Entre os dias 16 e 26 de fevereiro, centenas de sessões em cinemas espalhados por toda a cidade e maravilhosamente ocupadas por cidadãos berlinenses, além dos diversos profissionais que lotam a cidade no período do Festival. Ao público alemão, me parece, interessa-lhes fortemente o que outros países, dos mais diversos, estão produzindo no cinema e isso é fascinante.
Muitos dos filmes exibidos, sobretudo nas sessões de Curtas, Fórum e Panorama, trouxeram mulheres diretoras, o que nos destaca uma força de transformação no cenário internacional. Dos filmes brasileiros, metade foram dirigidos ou co-dirigidos por mulheres, destacando Infantaria, curta premiado pela Mostra Generation, dirigido pela alagoana Laís Santos Araújo.
Destaco também, dentro da programação, um ponto de congruência que observei na produção: filmes voltados à construção de protagonistas femininas consistentes e seus conflitos. São histórias diversas mas que refletem sentimentos, angústias, vidas e problemas do universo das mulheres, meninas em suas diversas gerações e identidades em formação. Alguns deles foram o português Cidade Habat, de Susana Nobre, o espanhol Mátria, de Álvaro Gago. O longa português Mal Viver, de João Canijo. Os curtas brasileiros Miçangas e Infantaria.
Ainda nesse universo feminista, destaco, trazendo outros pontos relevantes, os filmes 20.000 espécies de abelhas, espanhol, de Estibaliz Urresola Solaguren, que acabou por garantir a Sofía Otero o prêmio de melhor atriz trazendo uma espécie de coming of age de une menine transgênero no recorte de sua infância. E o filme And me, I’m dancing too, do iraniano Mohammad Valizadegan, que traz uma protagonista com o único desejo de poder dançar em um país onde as mulheres são impedidas de fazê-lo.

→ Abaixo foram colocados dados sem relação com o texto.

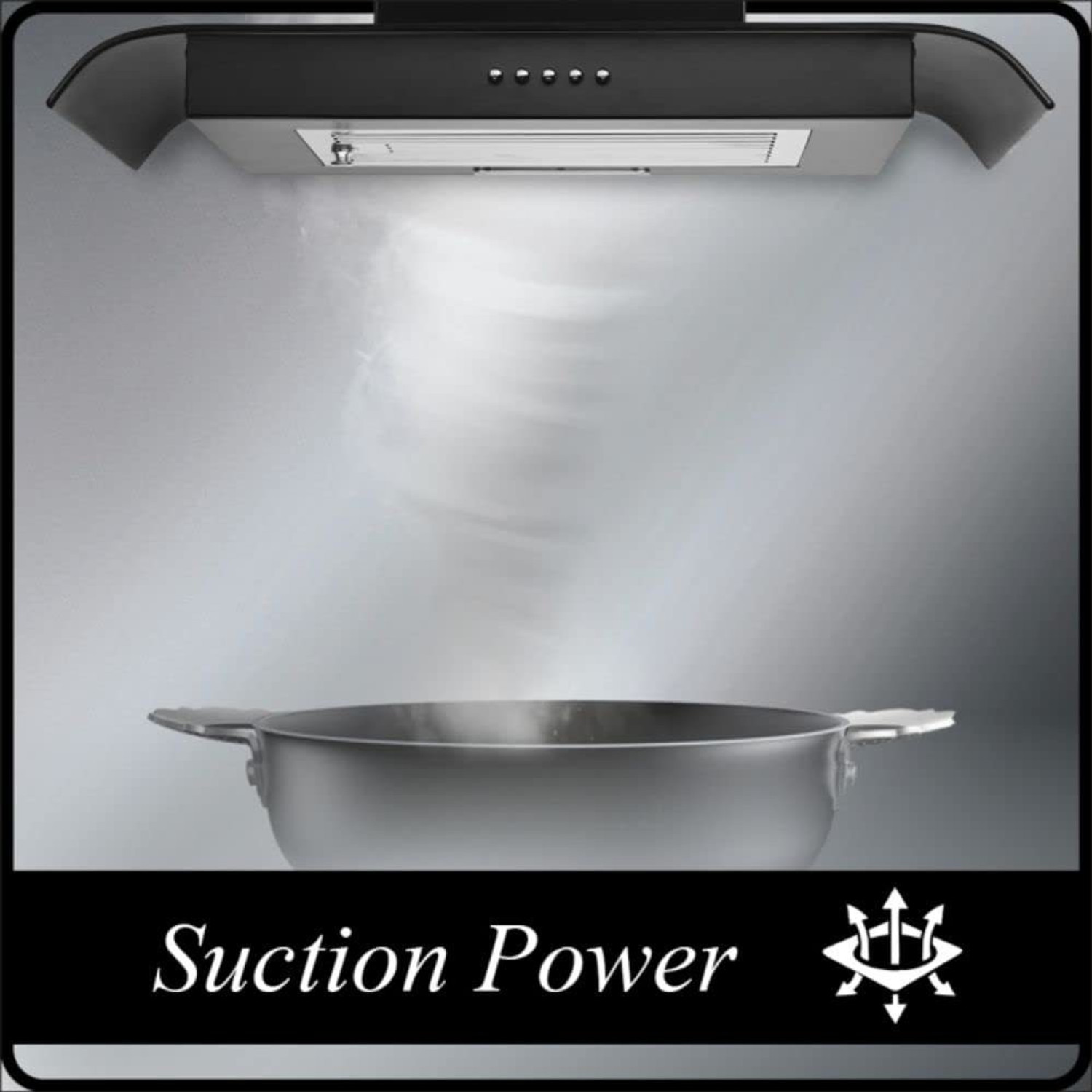 Image of BLOWHOT 60cm Spectra Chimney 800m3 /h Suction Power, Baffle Filter For Modular Kitchen Wall Mounted Black 800 CMH Chimney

Ainda observando filmes como atos políticos posicionados, como o citado curta iraniano, no qual, ao colocar a própria atriz dançando na rua, os realizadores demarcam uma denúncia concreta e bastante arriscada contra seu estado, cito o documentário Llamadas desde Moscú, do cubano Luís Alejandro Yero, que apresenta imigrantes cubanos gays vivendo na Rússia aos primeiros sinais da guerra contra a Ucrânia e a relação opressora do espaço e da falta de identidade que enfrentam por terem saído de Cuba, pelas necessidades de fugir de seu país, em crise.
Por fim, um outro documentário que conecta a força de uma personagem feminina dentro de um contexto passível de questões quanto à figura da mulher como cuidadora, o documentário La memoria eterna, de Maite Alberdi, documentário chileno emocionante que acompanha a importante atriz chilena Paulina Urrutia e seu marido o jornalista Augusto Góngora, a quem ela cuida já idoso e com Alzheimer.
O filme constrói a partir da ausência de memória dele, a própria memória do homem que ele foi, um jornalista que serviu a seu país como comunicador e crítico à ditadura de Pinochet e que escreveu e refletiu sobre memória, conflitos e justiça. Apesar de acompanharmos a memória dele ser construída através dela num ato de completo amor e cuidado, é inegável a força da personagem da vida real que decide cuidar.
Esses são alguns destaques a partir de um pequeno recorte da programação mas que me possibilitaram inferir sobre um certo olhar, um panorama das sessões e seus aspectos.
A Berlinale é um grande festival e espero em breve voltar pra lá!